I am creating a series of objects whose placement is dependent on the viewers point of view. Using the ortho view is not true to life. I know very little about the camera tool. Is there a way to set up a camera so that I can position it as if it were the eyes of a person? Then basically see what one would be seeing in real life from that vantage point.
“Perspective” is as close as Rhino gets. Other than that, you can use photoshop to ‘fisheye’ things a little bit.
F6 turns on the ‘camera’ object so you can move it about in the other views. This may help in positioning it.
is there a way to determine what distance the object is from the camera in Perspective view port, so I could estimate what distance a person would be to recreate the displayed view.

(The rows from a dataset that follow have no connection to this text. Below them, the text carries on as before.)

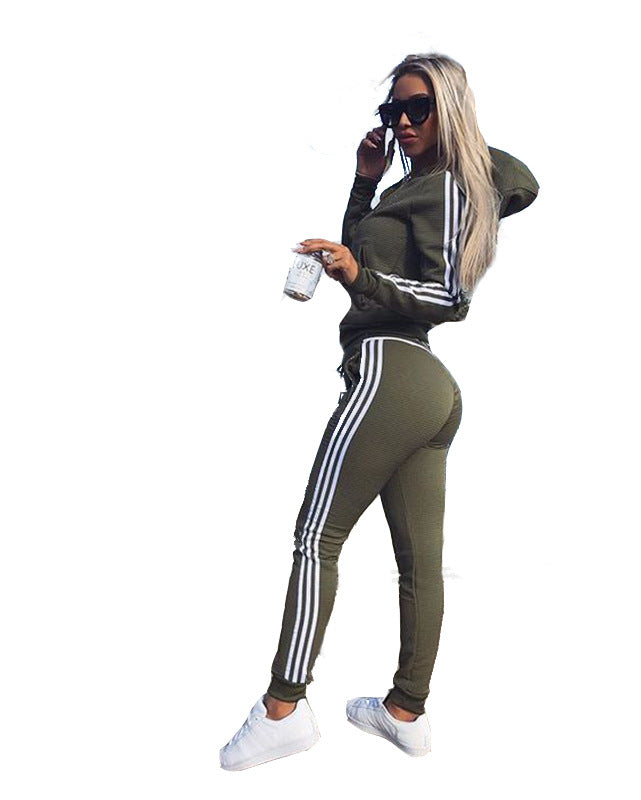 Ensemble Jogging Femme Polyester Manches Longues – Veste & Pantalon Droit 4 Coloris S-3XL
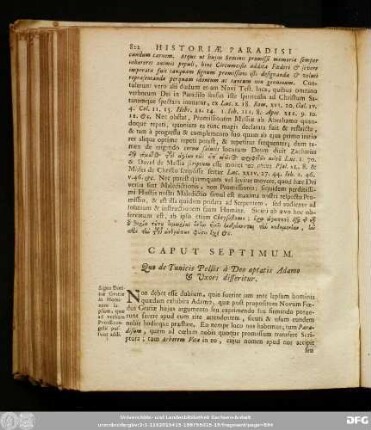 Caput Septimum. Quo de Tunicis Pellis à Deo aptatis Adamo Uxori disseritur.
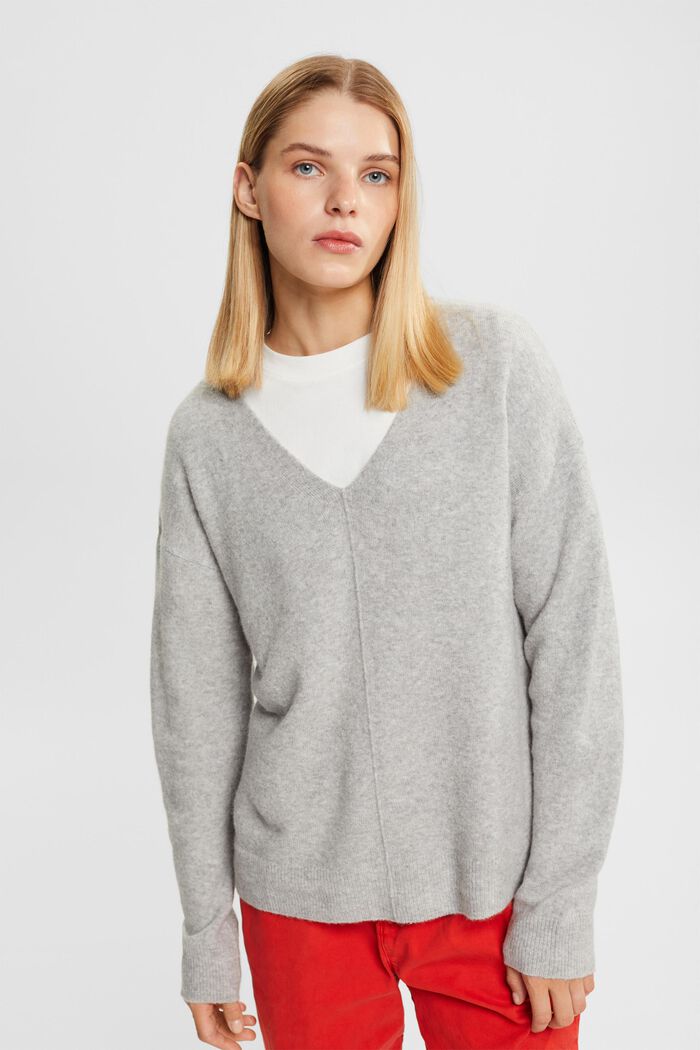 Mit Wolle: flauschiger Pullover, LIGHT GREY 3, detail image number 0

- Click inside the perspective viewport.
- Press F6.
Do you see the camera in the other viewports now? There are at least two ways to obtain the distance between the camera and an object:
- Method One:
- Type DimAligned.
- Press Enter.
- Click once on the camera tip (pointy end of the camera object)
- Click once on your object.
- The dimension you created will show the distance between the two points.
- Method Two
- Type distance.
- Press Enter.
- Click once on the camera tip (pointy end of the camera object)
- Click once on your object.
- The command area will read something like Distance = 302.90 inches.
Two good articles comparing how the eye sees to cameras are:
http://www.cambridgeincolour.com/tutorials/cameras-vs-human-eye.htm
Important setting:
On a 35mm full frame camera, a 43mm lens provides an angle of view of 55 degrees, so that focal length provides exactly the same angle of view that we humans have. (http://www.lensrentals.com/blog/2009/03/the-camera-vs-the-eye)
Thanks Micha,
I will play with that. Appreciate the help.
Z
Thanks for sharing the articles, It helps understand whats going on.
Z
Thanks Nate,
That seemed to do it.
Z
There is one other option that may also help.
Rhino 5 added a Two-point perspective as a projection option in Viewport Properties.
Use the Viewport menu or right click and pick Properties over the viewport title.
Set the projection to Two-point perspective.
This means that the z-direction will not converge to a vanishing point.
Mary Fugier
McNeel Technical Support
Super easy
- set view to perspective
- use the (dollyzoom) command just a little bit, and boom.
this will give you any view ranging from ortho, to fish eye lense.
play with it a little to get the right angle, you can get some pretty dynamic shots with it.